Baron Carter, at the Cambridge Assizes, in 1741, ordered a prisoner, who refused to plead, to have his thumbs twisted with cords, and when that was without avail, inflicted the higher penalty of pressing. Baron Thompson, about the same time, at the Sussex Assizes, treated a prisoner in a precisely similar manner.

A like method was pursued in 1721, with Nathaniel Hawes, a prisoner who refused to plead; when the cord proved inefficacious, a weight of 250 pounds was laid upon him, after which he decided to plead. The same year seems prolific of cases of this character, there being particulars of an instance in the Nottingham Mercury of January 19th, 1721. They are included in the London news, and are as follow:[90] "Yesterday the sessions began at the Old Bailey, where several persons were brought to the bar for highway robbery, etc. Among them were the highwaymen lately taken at Westminster, two of whom, namely, Thomas Green, alias Phillips, and Thomas Spiggot, refusing to plead, the court proceeded to pass the following sentence upon them: 'that the prisoner shall be,' etc. [the usual form, as given above]. The former, on sight of the terrible machine, desired to be carried back to the sessions house, where he pleaded not guilty. But the other, who behaved himself very insolently to the ordinary who was ordered to attend him, seemingly resolved to undergo the torture. Accordingly, when they brought cords, as usual, to tie him, he broke them three several times like a twine-thread, and told them if they brought cables he would serve them after the same manner. But, however, they found means to tie him to the ground, having his limbs extended; but after, enduring the punishment for an hour, and having three or four hundredweight put on him, he at last submitted to plead, and was carried back, when he pleaded not guilty."

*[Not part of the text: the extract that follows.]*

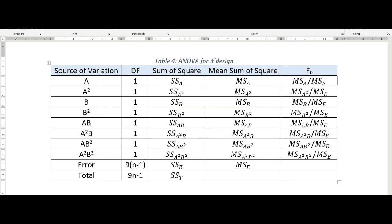Each of these effects has 1 degree of freedom. If there are N replications of the experiment, then under each replication we have 9 observations, giving 9N observations in total. Therefore the total degrees of freedom is 9N - 1, and the degrees of freedom for error is 9(N-1), found by subtracting these 8 degrees of freedom (one for each effect) from 9N - 1. The sum of squares for each effect is found as discussed. Sum of squares total is the sum of squares of all observations minus the correction factor, where the correction factor is the square of the grand total divided by the total number of observations.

The Rev. Mr. Willette, the ordinary of the[91] prison, in 1776, published the "Annals of Newgate," and from these we learn further particulars of the torture of the highwayman, Thomas Spiggot. "The chaplain found him lying in the vault upon the bare ground, with 350 pounds weight upon his breast, and then prayed with him, and at several times asked him why he should hazard his soul by such obstinate kind of self-murder. But all the answer that he made was, 'Pray for me; pray for me.' He sometimes lay silent under the pressure as if insensible to the pain, and then again would fetch his breath very quick and short. Several times he complained that they had laid a cruel weight upon his face, though it was covered with nothing but a thin cloth, which was afterwards removed and laid more light and hollow; yet he still complained of the prodigious weight upon his face, which might be caused by the blood being forced up thither and pressing the veins so violently as if the force had been externally on his face. When he had remained for half-an-hour under this load, and fifty pounds weight more laid on, being in all four hundred, he told those who attended him he would plead. The weights were at once taken off, the cords cut asunder; he was raised up by two[92] men, some brandy put into his mouth to revive him, and he was carried to take his trial." The practice of Peine forte et dure gave the name of "Press-yard" to a part of Newgate, and the terrible machine above referred to was probably in the form of a rack.